Task item: Your task is to restate the listing word for word without the pictures.

Raw data:

####

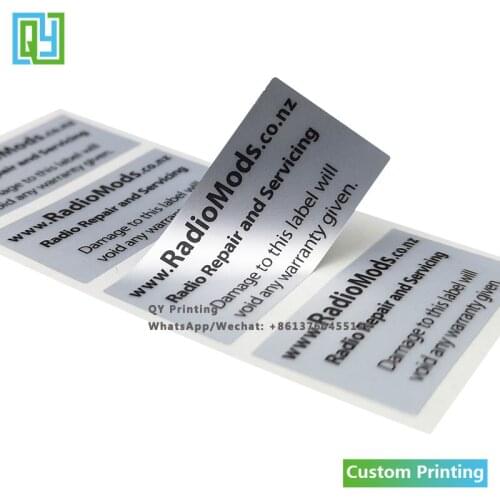 1000pcs 20x40mm Free Shipping Custom Security Label Sticker Box Seal Security Void Open Safty Sticker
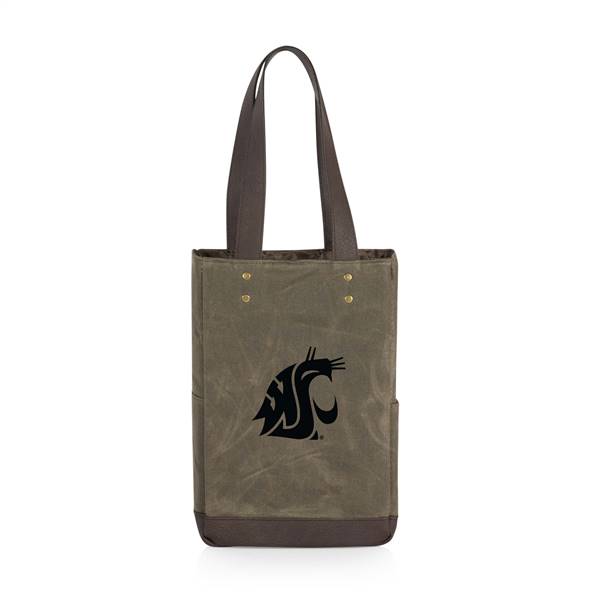 Washington State Cougars 2 Bottle Insulated Wine Cooler Bag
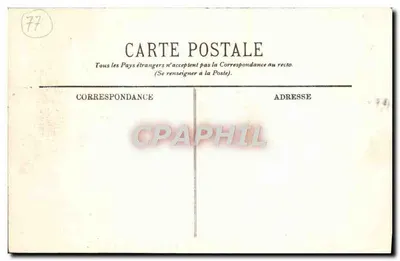 Fontainebleau — A Floresta — Rochers de Cuvier Châtillon — LL. — n° 317 — Verso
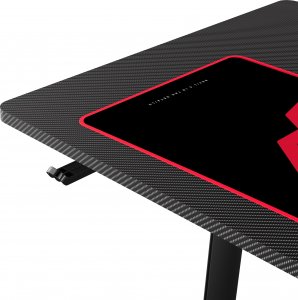 Biurko Diablo Chairs X-Mate 1000 Czarno-Czerwone 100 cmx60 cm 7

####

Response:
 1000pcs 20x40mm Free Shipping Custom Security Label Sticker Box Seal Security Void Open Safty Sticker
 Washington State Cougars 2 Bottle Insulated Wine Cooler Bag
 Fontainebleau — A Floresta — Rochers de Cuvier Châtillon — LL. — n° 317 — Verso
 Biurko Diablo Chairs X-Mate 1000 Czarno-Czerwone 100 cmx60 cm 7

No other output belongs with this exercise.